Google Home is coming out today. It is getting super excited to see that Google is using its cutting-edge technology on smart home, just like Amazon Echo and Samsung Atrik. What is interesting about Google Home is that we see many other opportunities other than just voice commands.
While security is surely one thing (and one big thing of course) in these smart home devices (or precisely in the IoT development), I thought of one thing in particular: sensing. Although it is not limited to Google Home, here I use it as an example.
To give a sense on sensing, here is an example. Imagine that you have a Google Home at home. Say you also have light bulbs that allow fine-grained brightness control. Voice commands are good but limited sort of. You can for sure say "Okay Google, turn on/off the light". But it would be tricky to say "Okay Google, turn on the light at brightness level x". While it would work, the level x idea is pre-defined and can be very hard to remember. Typically people fine tune the control via a small nob. That leads me to another project named Project Soli at Google.
Just a brief introduction on Project Soli. This is a hopefully on-going project at Google that enables fine-grained controls on smartwatches given their small size. Its goal is to analyze gestures at finger level so that user interaction, the way we control the device, is not limited to touch and swipe screen. Micro-gestures enable abundant user interface possibilities since they extend the control area to the whole space around the smartwatch. To achieve micro-gesture recognitions, it uses mmWave (e.g., the unlicensed 60GHz band). Thanks to mmWave's small wavelength and highly predictable signals, we can "see" fingers in the air and derive the micro-gestures with a small chip inside a smartwatch.
While sounding, using mmWave for micro-gesture is very challenging since it requires the device to be absolutely stationary. This is because any small changes in the position of the device (without accurately tracking it at mm-level accuracy), the phase measurements will be destroyed. Any phase distortion will lead to a misconception in "seeing" fingers in the air and break the results (i.e. wrong gesture recognition).
Thus it seems that micro-gesture recognition is a perfect fit when we use it on the stationary device, e.g., Google Home.
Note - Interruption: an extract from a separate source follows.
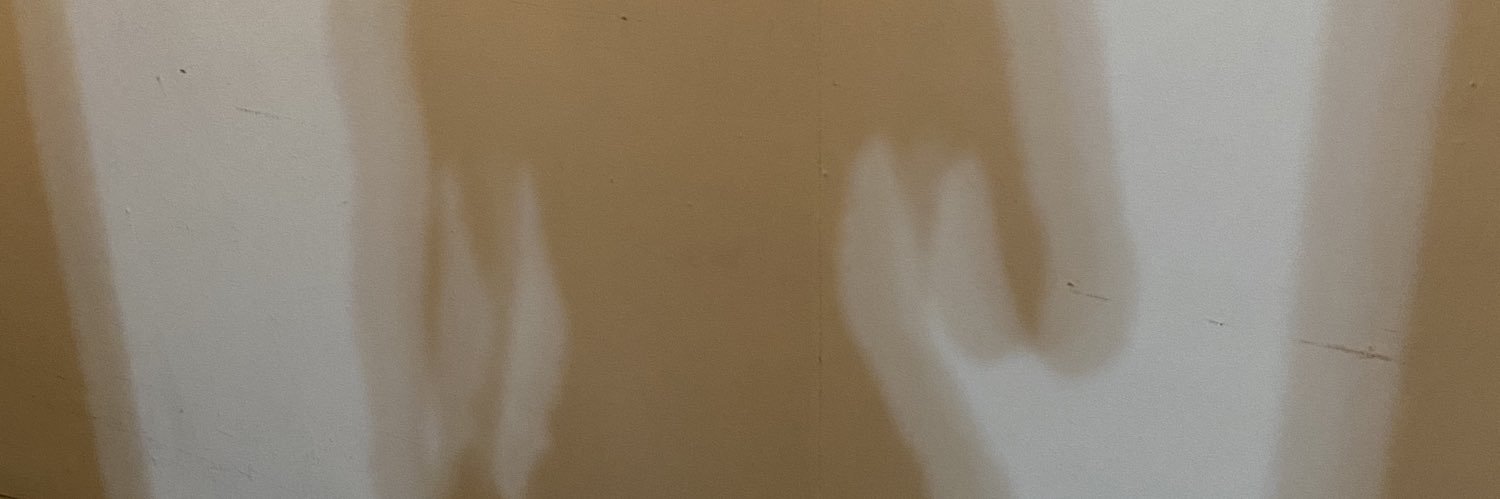 graciagaray's profile banner image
An example scenario is as follows. Instead of using sound that requires pre-defined and coarse control over the brightness, why not use micro-gestures? It is natural that people can control brightness by just moving fingers with some certain gestures. So we can say that "Okay Google, turn on the light" and then its microphones determine the direction of the sound source. Using this direction (hopefully accurate), we use the mmWave chip to beamform to the sound source. The light is on now but it is too dark. So immediately after we say "turn on the light", we put out our hand and do simple gestures just like twisting a small string (shown below like Project Soli's promotion idea) and then light is getting brighter and brighter!
A problem here is whether we can achieve such fine-grained control at far distance. From a fundamental radar law, we know that at far distance like several meters, for a small chip it is very hard to see things that are below 10cm. Maybe we can coarsely localize it, but it will be impossible (99% sure) to see each individual finger. Also, since mmWave is highly directional and cannot really penetrate walls (unless with very high power), it won't be very practical if we talk to the Google Home but there is a wall in between.
Is there anything we can research in academia to overcome these two issues? In both system design and software implementation and maybe hardware improvement?
Other than micro-gestures, other possibilities exist too. For example, can we promote 2nd screen services, which send notifications (ads) to phone (2nd screen) while you are watching TV selling a product, leveraging the microphones on Google Home?